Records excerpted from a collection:
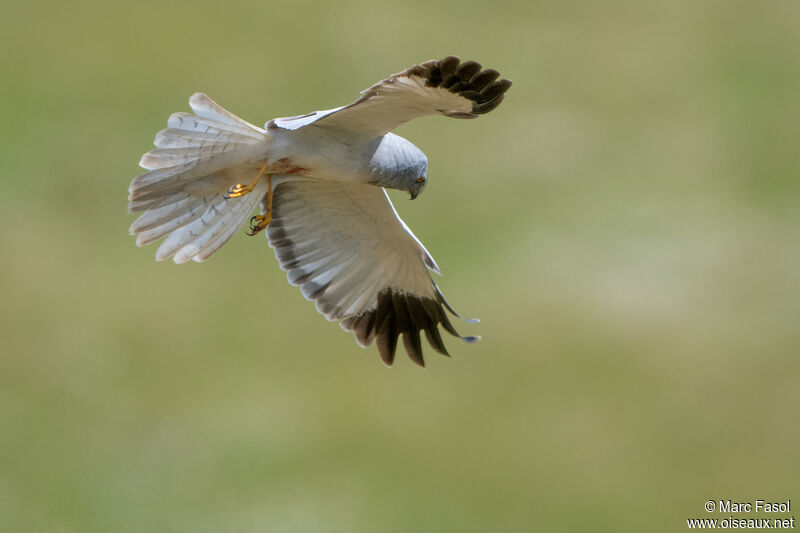 Hen Harrier male adult, Flight, fishing/hunting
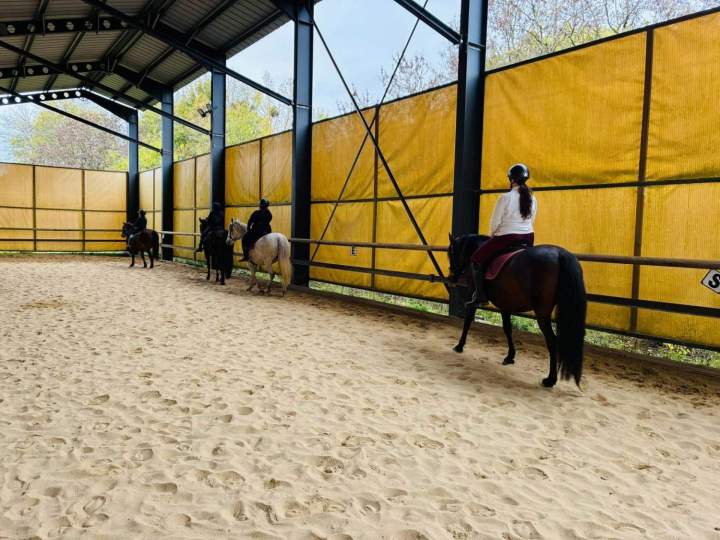 Perfectionnement équitation Luçon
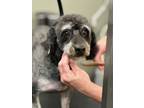 Adopt Grayson a Schnauzer, Poodle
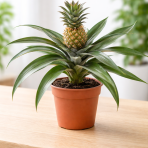 Ananás (Ananas comosus) ´ROSITA´ - výška 20-30 cm, kont. C1L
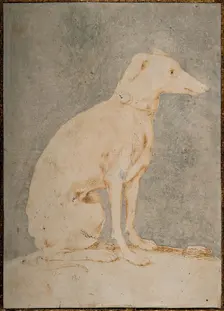 Greyhound, First Half of 16th century. Creator: Parmigianino (1503-1540)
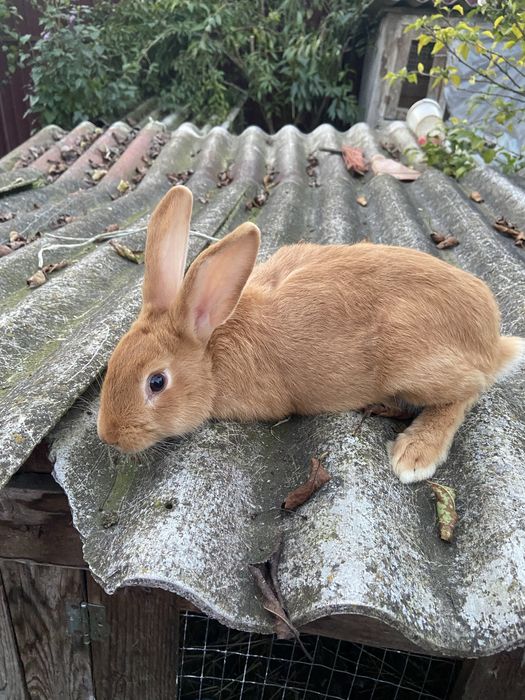 Кролі, кролики, самці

TASK BRIEF –
Print every entry verbatim and leave all pictures out.

PROBLEM SOLUTION –
 Hen Harrier male adult, Flight, fishing/hunting
 Perfectionnement équitation Luçon
 Adopt Grayson a Schnauzer, Poodle
 Ananás (Ananas comosus) ´ROSITA´ - výška 20-30 cm, kont. C1L
 Greyhound, First Half of 16th century. Creator: Parmigianino (1503-1540)
 Кролі, кролики, самці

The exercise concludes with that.